### WHAT YOU HAVE TO DO
Word for word, copy the lines from the one with "Image 2 of 43 For 616 50th Avenue Terrace W" to the last line of the data below, counting both, and keep every picture out.

### EXERCISE DATA
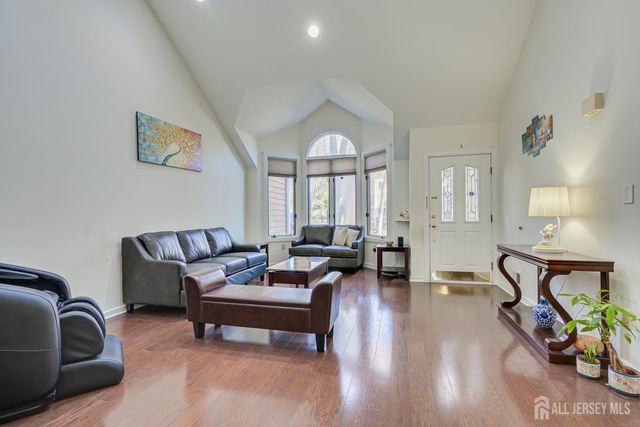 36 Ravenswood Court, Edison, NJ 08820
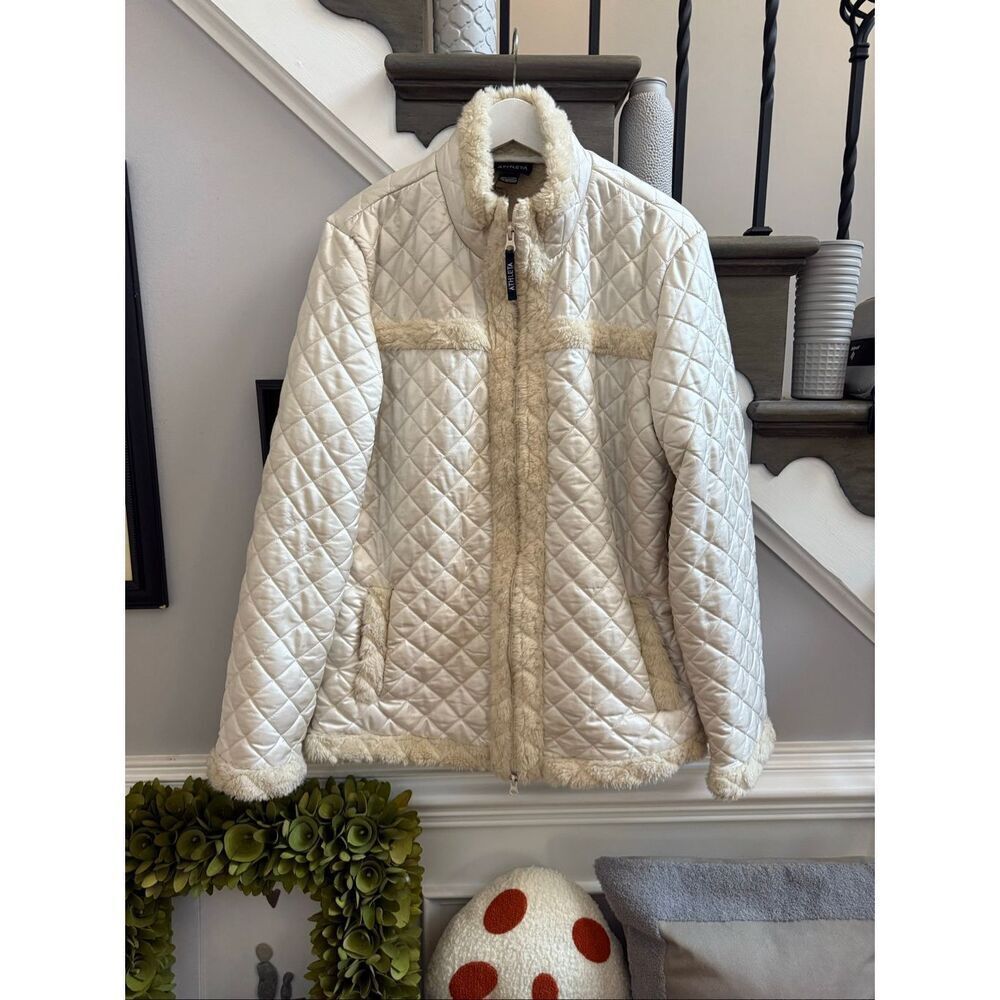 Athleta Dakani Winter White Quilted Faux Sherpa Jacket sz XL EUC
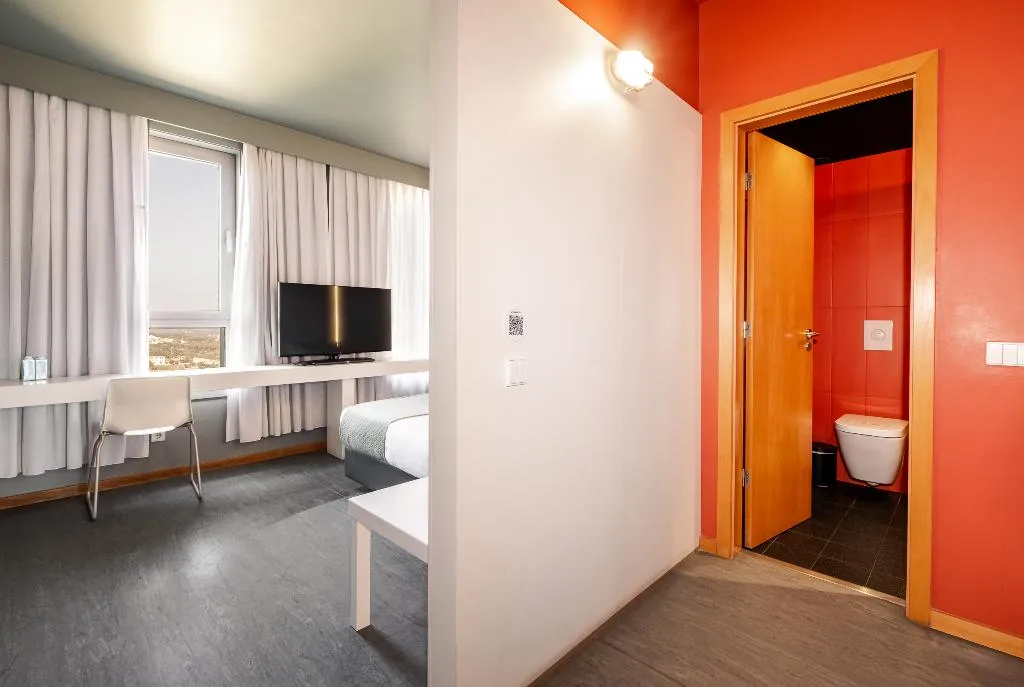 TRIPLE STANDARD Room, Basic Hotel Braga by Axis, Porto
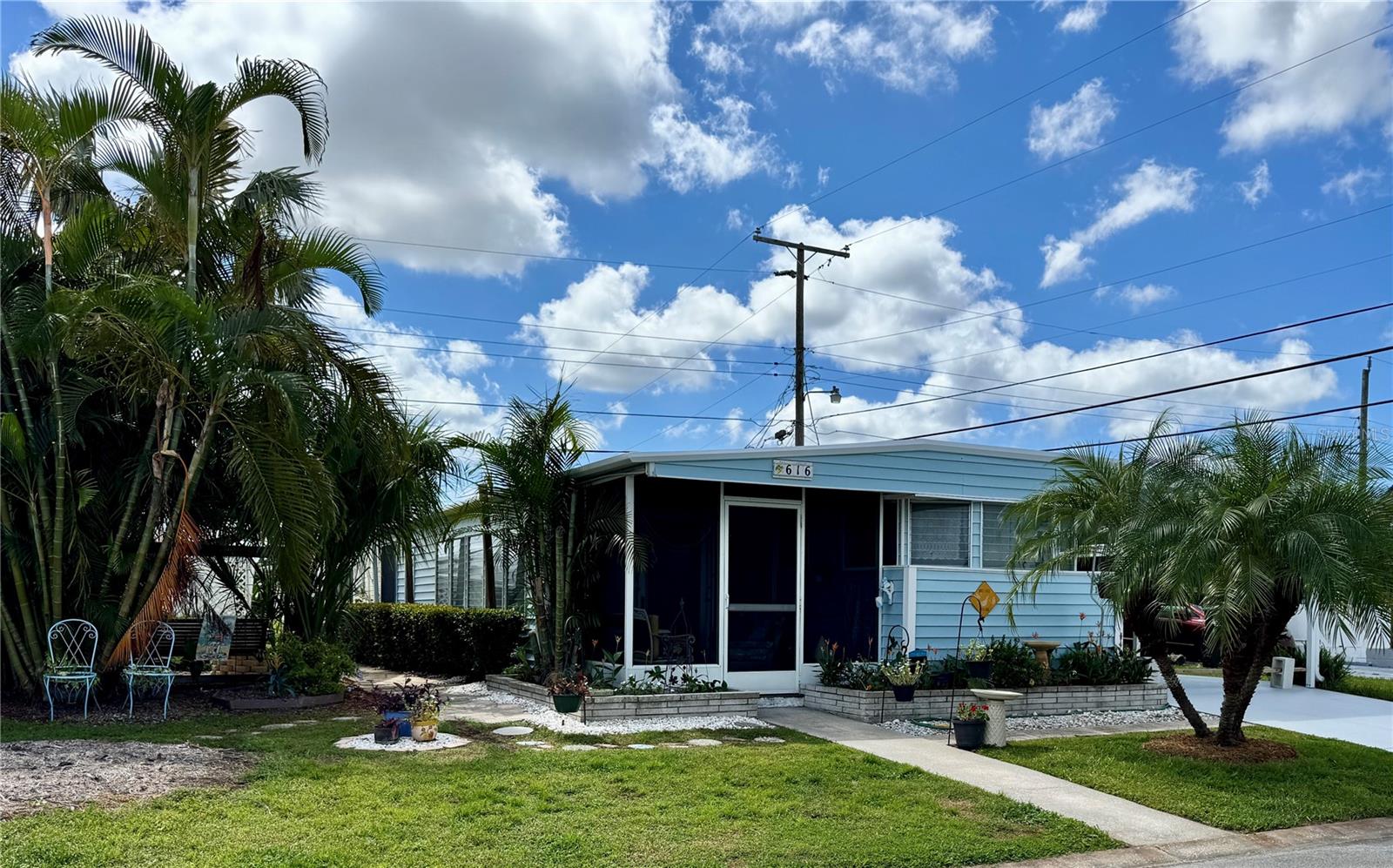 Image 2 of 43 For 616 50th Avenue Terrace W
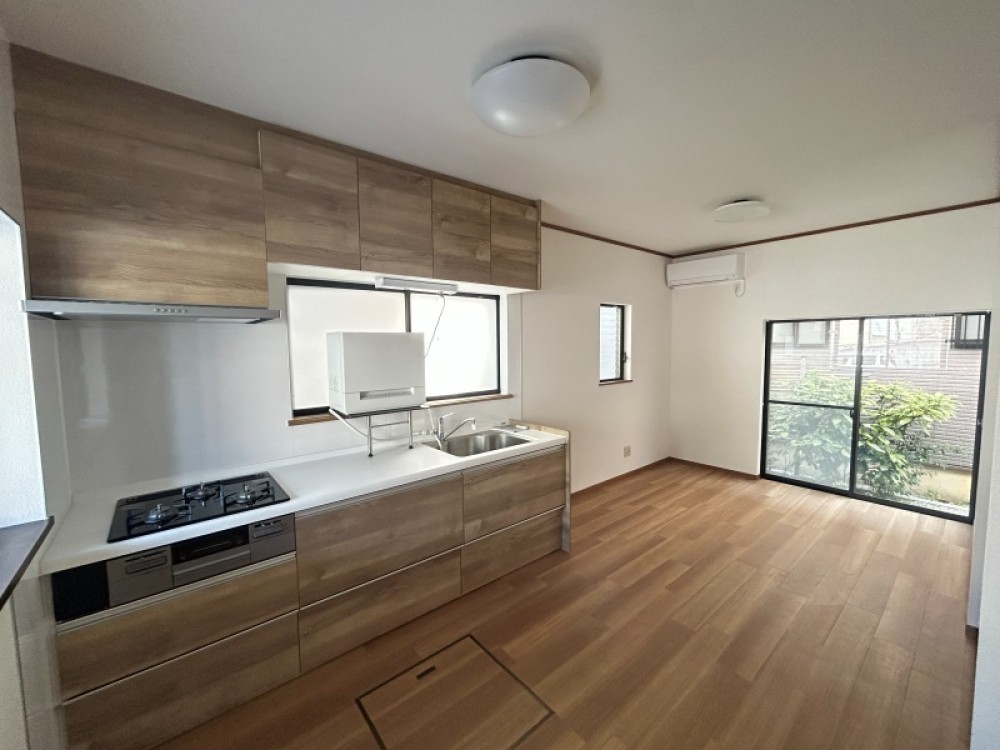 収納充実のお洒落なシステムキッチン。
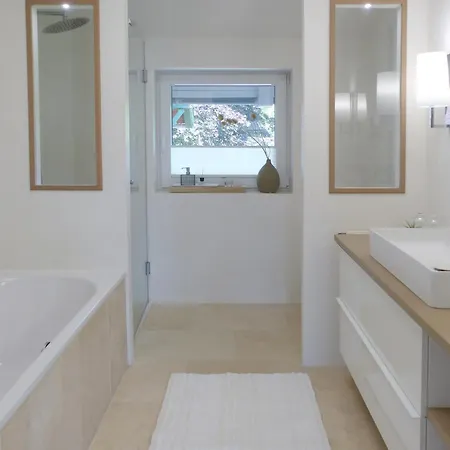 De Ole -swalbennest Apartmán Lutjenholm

### EXERCISE OUTPUT
 Image 2 of 43 For 616 50th Avenue Terrace W
 収納充実のお洒落なシステムキッチン。
 De Ole -swalbennest Apartmán Lutjenholm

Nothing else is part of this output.